The gap between unconstrained space and constrained space is an abstraction boundary, and abstraction boundaries are precisely where errors hide. The answers that are almost right are far more dangerous than the answers that are obviously wrong.
IX. A Function Called to_number
There is a function in Nx called to_number. Its name is a promise: give it a tensor, receive a number. The promise is, under certain conditions, a lie.
When the tensor contains NaN, it returns the atom :nan. When it contains infinity, the atom :infinity. These are not numbers. Erlang arithmetic on atoms does not return NaN. It crashes the process. If the tree builder calls to_number on a log-probability that happens to be negative infinity — which occurs routinely at constraint boundaries — the process dies without ceremony.
The guards are now permanent fixtures, small sentries posted at every gate where a tensor value crosses into Erlang arithmetic. They are there because a function called to_number sometimes returns atoms.
X. Four Chains, Zero Locks
Sampler.sample_chains(ir, 4, init_values: init) compiles the model once and dispatches four chains in parallel. Each chain is a BEAM process. Each chain gets its own PRNG state. Each chain produces its own trace.

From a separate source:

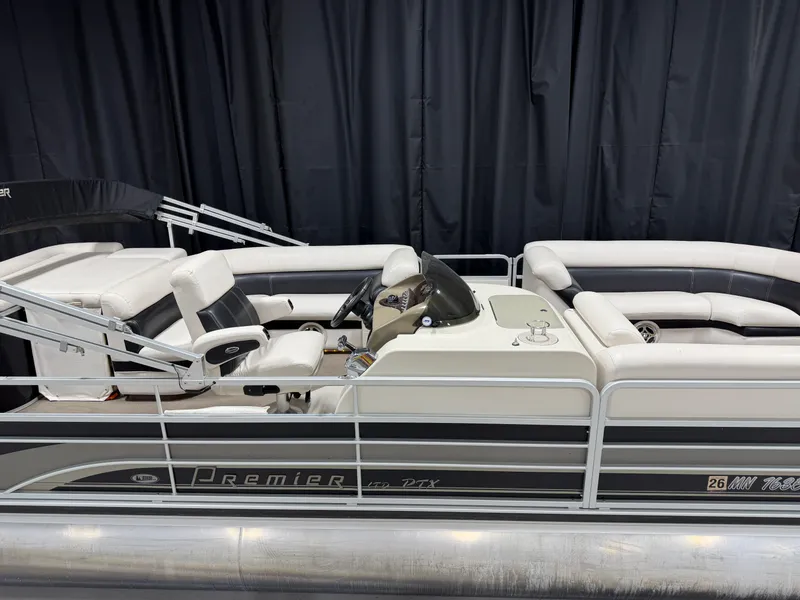 Slide: The Image of Premier 235 GRAND MAJESTIC 2009 - 4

There is no mutex. No semaphore. No atomic compare-and-swap. No lock-free queue. No threading.Lock(). No multiprocessing.Pool(). No pickle serialization.
On a four-core machine, four chains complete in approximately the time of one. This is not a heroic engineering achievement. It is the natural consequence of running concurrent work on a runtime designed, from the first day of its existence, for exactly this purpose.
XI. Honor Cui Honor
ExmcViz renders through Scenic, Elixir's scene graph library, designed for embedded information displays. The scene graph is a live data structure composited at sixty frames per second through OpenGL via NanoVG. There is no image encoding. There is no file I/O.

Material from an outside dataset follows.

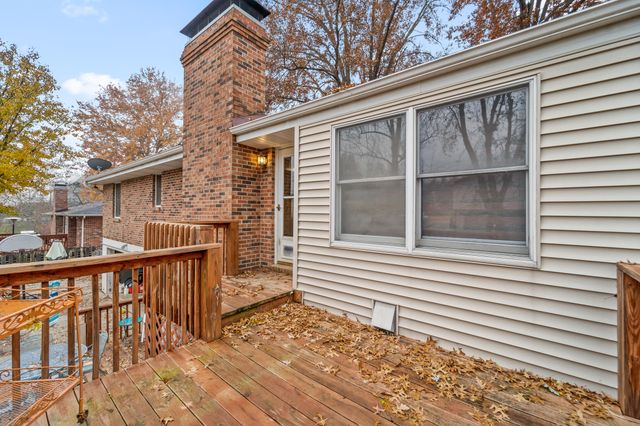 810 SOUTHERN AIR DR, Jefferson City, MO 65109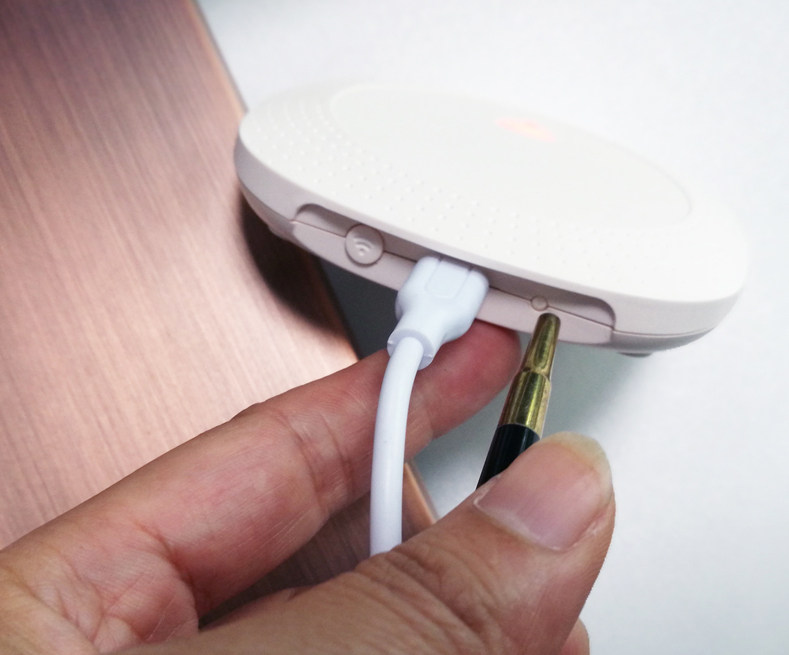 Private accommodation code lock sends temporary password unlocking gateway WIFI connects with internet remote mobile phone to unlock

The live streaming feature connects the sampler directly to the visualization through GenServer message passing. A StreamCoordinator buffers incoming samples and flushes them to the LiveDashboard scene. The trace plots grow from left to right, amber lines crawling across a black field.

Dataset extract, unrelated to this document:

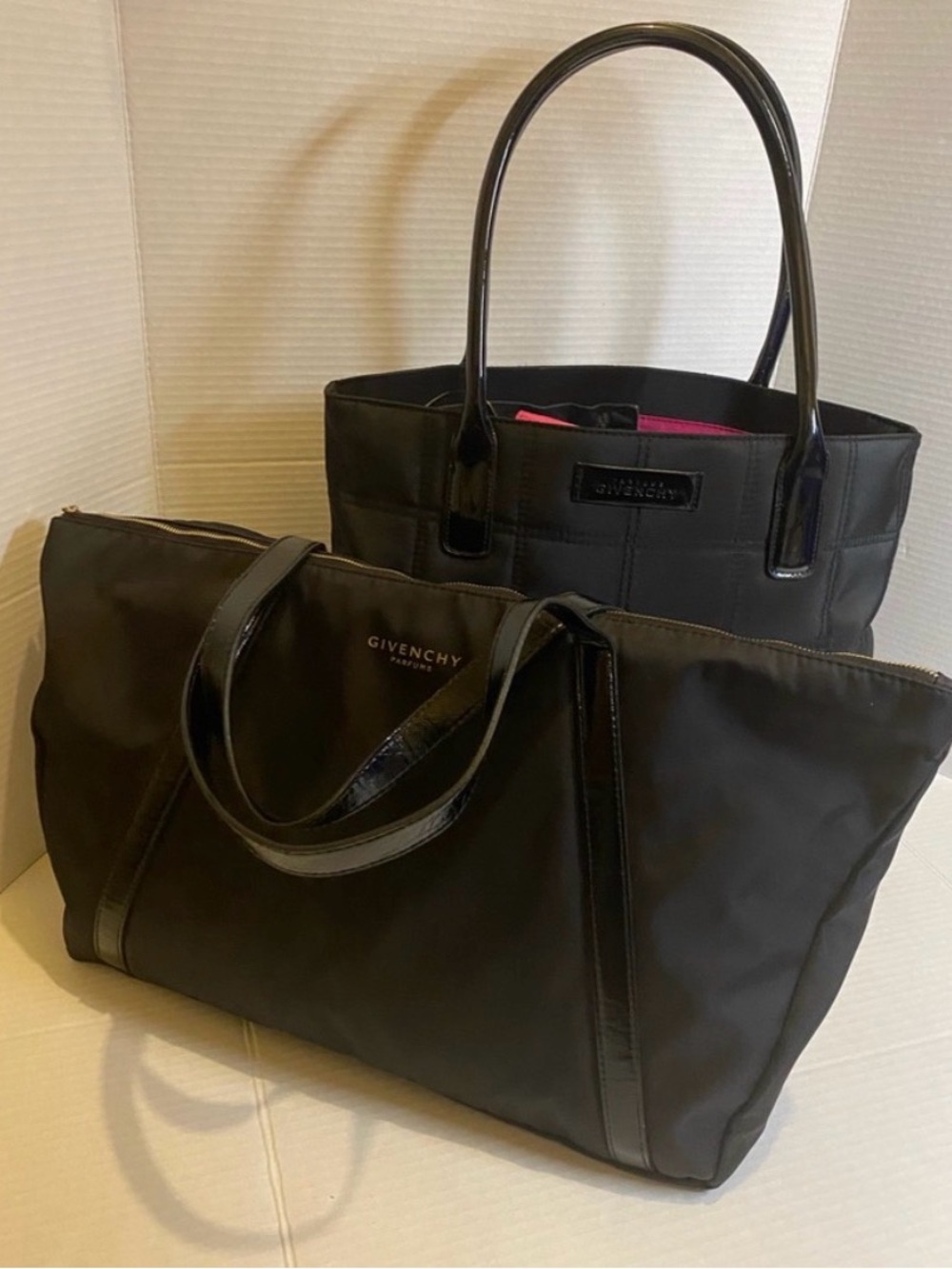 ✨Givenchy Parfums Tote Bag Set of 3 – Like New ✨ - Picture 5 of 10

The color palette — amber on true black — is not a stylistic affectation. On OLED panels, true black means the pixel is off: zero power, zero photon emission. The warm spectrum preserves scotopic vision during late-night sampling sessions.
Three processes, three mailboxes, zero shared state. This is not a special architecture. It is the default architecture of any concurrent Elixir application.
XII. Two Hundred and Thirty-Three Theses
eXMC has 199 tests. ExmcViz has 34 more. 233 total. Fifty-two architectural decisions, recorded and falsifiable, including the ones that were wrong. Sixteen distributions. Four inference methods. Two textbook formulas replaced with stable alternatives. One function that lies about its return type, guarded at every call site. Three number systems in one sampler. Two feedback loops that computed correct answers and delivered them to nobody. One bug that produced plausible wrong answers for simple models and catastrophic wrong answers for complex ones. One rewrite pass that eliminates funnel geometry without the user's knowledge or consent.
The project works. It works on a runtime that was never intended for this purpose, in a language that has no history in numerical computing, using a tensor library that did not exist five years ago. The posterior distributions it computes are correct. The parallel chains it dispatches are fast. The visualizations it renders are immediate and live. The BEAM has been taught to do Bayesian statistics, and it does them rather well.
Whether anyone asked for this is, I maintain, beside the point. The question is whether the thing is good, and the evidence — two hundred and thirty-three tests of it — suggests that it is.
eXMC: 199 tests, 52 decisions, 16 distributions, 4 layers, one runtime.
ExmcViz: 34 tests, 8 components, 10 chain colors, zero black pixels wasted.
The traces glow amber on black, converging on the truth.
The BEAM does not care that nobody asked.